In today's business world, making informed decisions based on accurate and up-to-date information is critical for success. In this process, data is more important than ever before. FP&A professionals must play a crucial role in data management, ensuring that financial data is appropriately collected, stored, accessed, and analyzed.
Integrated FP&A is an approach that addresses the criticality of data by combining financial planning and analysis into one process that provides a comprehensive view of an organization's financial performance. Data management ensures that all members of the FP&A team are working with the same information, which can help to avoid misunderstandings or errors.
Furthermore, by automating data-intensive tasks, data management can help free up time for
Data Management is Critical to FP&A
When data is organized and accessible, analysts and decision-makers can quickly identify trends and patterns critical to strategic planning, product development, and resource allocation.
Thus, when analysts seek to derive insights from an organization, the first step should not be to publish a report, but tostep back and perform a robust data assessment. From there, findings regarding the data quality can be summarized, validated, and better understood, producing a much higher-quality analysis
Building on the example above, by managing data effectively and freeuing up more time available in the day, FP&A professionals spend more energy on analyzing profitability and identifying was to reduce costs.
Getting Started with Data Management
Often, when analysts step into a new role or organization, one of the first things they look forward to doing is plugging into the available analytical tools. While there are many great tools available for performing analysis, it is smart to think about analysis from the start-to-finish process instead of over-focusing on the outputs of the business processes and data; a word of caution is advised.
When an organization's process integrity is not fully understood, is inconsistent, or has fundamental flaws in how it is captured, measured, and calculated for input into an ERP (Enterprise Resource Planning) or analytical tool, then all outputs and analyses cannot be trusted.
For these reasons and more, data management is critical to businesses, serving as the steady bedrock upon which an advanced FP&A function can be built. FP&A must be a trusted partner in verifying input and then outputs to produce trustworthy recommendations to their business partners.
5 Data Management Best Practices in FP&A
Every FP&A practitioner can follow a few pieces of advice for performing a data quality assessment.
By understanding the importance of high-quality data management and the processes behind them, FP&A professionals set themselves up for success. Once data is trusted, analysts can move forward without questioning whether the actuals are actuals, and confidently summarize and present true insights to organizational leaders.
Here’s how to get started:
Put checks and balances into place that tie to the and trusted sources
Do reported labor hours tie out to hours reported by staffing agencies and internal clocking?
Do all reports produce the same measure for any given metric, such as production volumes?
Are items reported in inventory easily identifiable and located accurately?
Observe the process and speak with the operations
Ask to see how materials are consumed, transferred, and produced in the systems.
Watch how different people perform identical processes.
Look for where estimates instead of actuals are recorded.

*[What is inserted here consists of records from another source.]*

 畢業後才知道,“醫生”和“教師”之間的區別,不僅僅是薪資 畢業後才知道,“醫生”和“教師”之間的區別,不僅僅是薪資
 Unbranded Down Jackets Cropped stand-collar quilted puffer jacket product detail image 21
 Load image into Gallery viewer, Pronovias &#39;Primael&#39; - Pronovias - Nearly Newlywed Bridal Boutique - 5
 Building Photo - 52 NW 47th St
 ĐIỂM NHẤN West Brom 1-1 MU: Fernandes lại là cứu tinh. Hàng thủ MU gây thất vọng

Perform common sense checks
Are full-time employees reporting labor hours worked that are unrealistic and vary drastically?
Do related products have vastly various levels of profitability?

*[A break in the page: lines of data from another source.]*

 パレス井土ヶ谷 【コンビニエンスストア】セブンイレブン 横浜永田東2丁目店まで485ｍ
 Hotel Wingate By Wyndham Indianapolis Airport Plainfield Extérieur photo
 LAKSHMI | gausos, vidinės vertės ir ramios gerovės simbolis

Does the operations lead or plant manager have confidence in the outputs based on their expertise and experiences?
Utilize internal business experts to validate whether the messages from data are accurate.
If the data does not tie to how the business works, look for what is still missing.

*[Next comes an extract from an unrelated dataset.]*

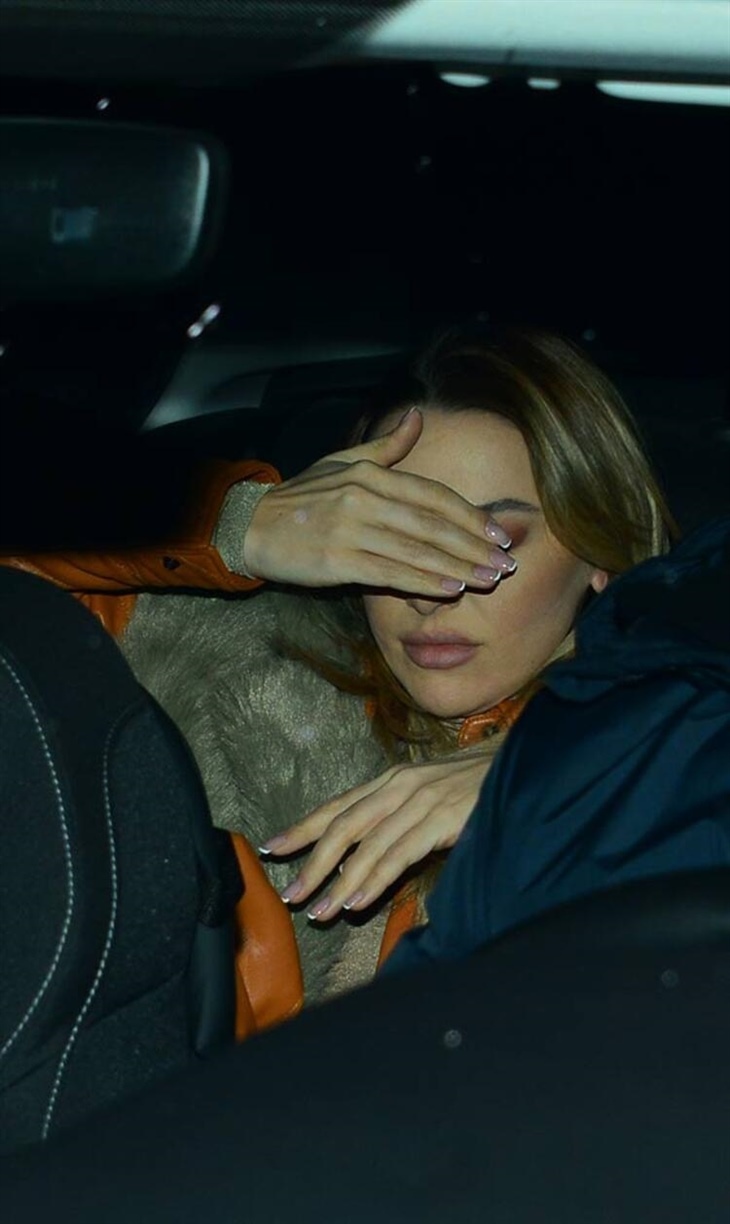 Aynı Hadise! Görüntü vermemek için yine yüzünü gizledi!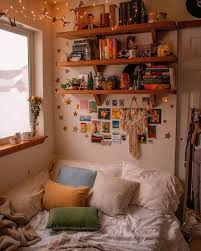 32 Bohemian Minimalist Bedroom Ideas In 2020 Aesthetic Bedroom Room Ideas Bedroom Cozy Room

Establish clear goals and objectives for data collection and analysis, and systems to support those goals.
Designing processes and systems to support those goals, acquiring high-quality data from reliable sources, and storing and maintaining data in a secure and accessible manner are vital.
Advancing Data to the Next Level
Getting started with excellent data management best practices is critical to advancing to what is next.
Once the basics of data are mastered, FP&A professionals can begin to investigate and advocate for more advanced data storage and analysis tools. For example, FP&A professionals can identify multiple data sources and work to aggregate them into a data lake, incorporate AI (Artificial Intelligence) & ML (Machine Learning), and implement business intelligence solutions.
As we step back, we can see that eventually build a world-class financne functions requires building on a solid foundation of great data and processes. By improving data quality and accuracy with integrated FP&A, professionals can enhance their careers and organizations by providing valuable insights to decision-makers.